Let me be quite upfront. Of course I am talking to Christians here in this post. In my own experience, non-Christians have FAR less of a problem with this anyway. Yeah...way to go Christians...way to be salt and light and set apart and examples to the world! Good job!! (insert a roll of the eyes)

Let me again also re-iterate that no, as some of you may be thinking (in your very defensive state), I know I am not perfect. I am not without sin. Come on...not what this is about. Again...not at all trying to be self-righteous.

BUT...I've seen it happen over and over. People doing the wrong things...and continuing to do the wrong things...either because nobody had the anatomy enough to bring it to their attention, or because they refused to listen to whoever may have actually tried.

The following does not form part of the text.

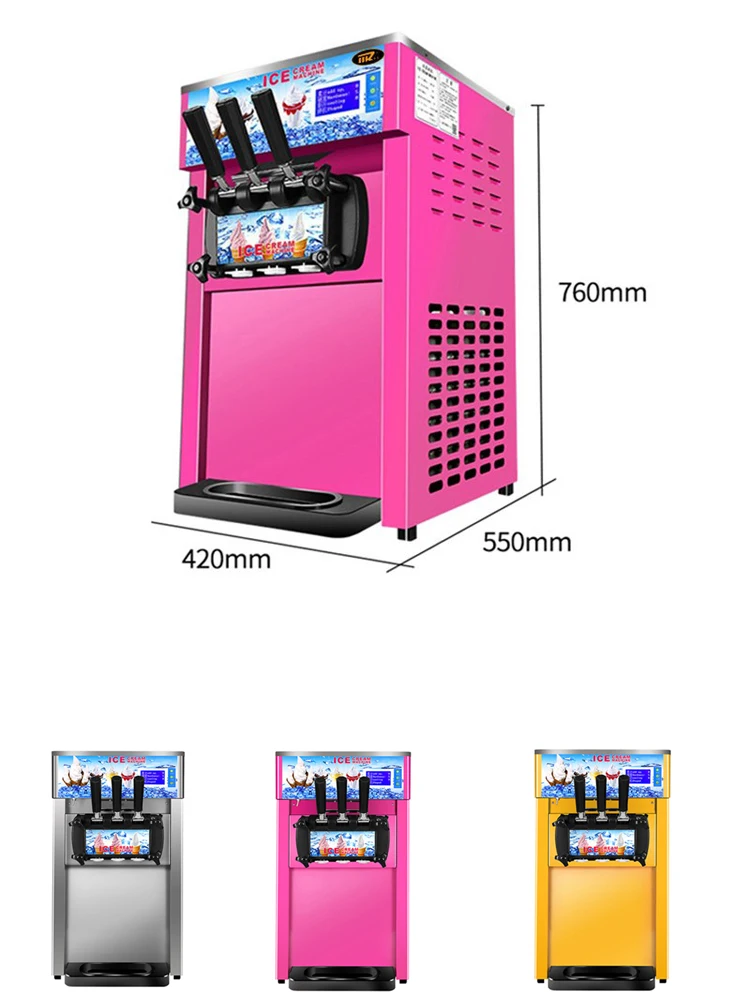 

Colorful Table Top Soft Ice Cream Machine 3 Flavors Mini 18L/H Maker Fot Sale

And because they continue to make these same wrong decisions and because NOBODY calls them out on it, their lives are destroyed. Not only their lives, but the lives of all the people that their wrong choices have affected (because it NEVER happens that only the one person is affected!!) are also severely altered...and not in a good way!

I'm SOOOO sick of this! See it all the time. And I'm ticked. And I have no doubt that Jesus is 'turning over some tables' about this too!!

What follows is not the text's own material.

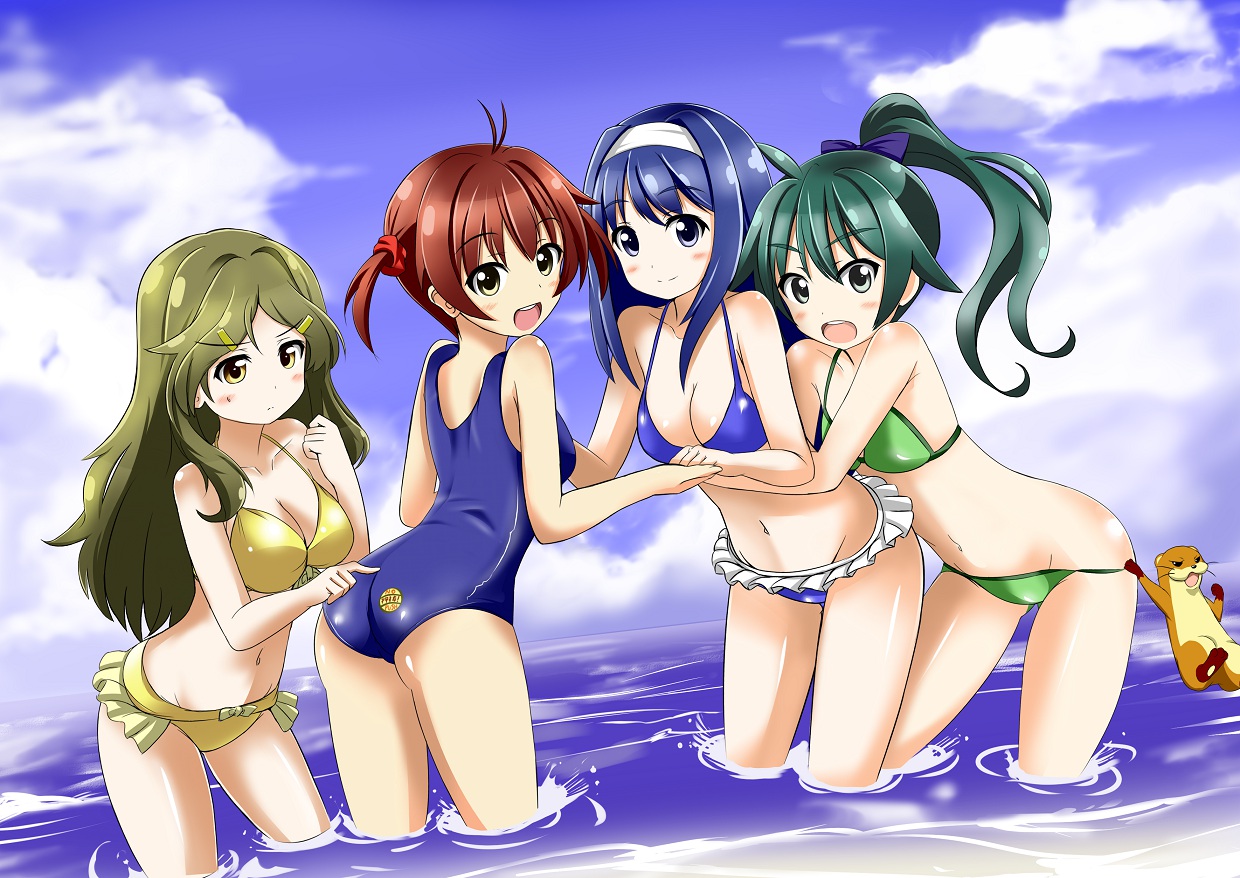 bikini, blue_eyes, blue_hair, blush, breasts, brown_eyes, brown_hair, cleavage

Here's the thing, people...are we not a family? Don't family members care enough about each other to speak up and say something whenever they see destructive behavior?

Or, is that the problem? We as families are so very dysfunctional now, we don't talk to each other. We're 'afraid' of each other. Even if we do see something that is not right, we are too scared of conflict or, God forbid, 'hurting' them (hello...what about that stinkin' destructive behavior they are involved in?!?...that's not going to hurt them?!?) to say anything to them. People, let me just say that that is COMPLETELY SELFISH!!!! Do you hear me?!? You are only thinking about yourself...you don't want the discomfort of possibly causing momentary conflict. You are fine with talking about it with others and grumbling and complaining about their behavior to others, but no...you can't risk actually talking to the person yourself.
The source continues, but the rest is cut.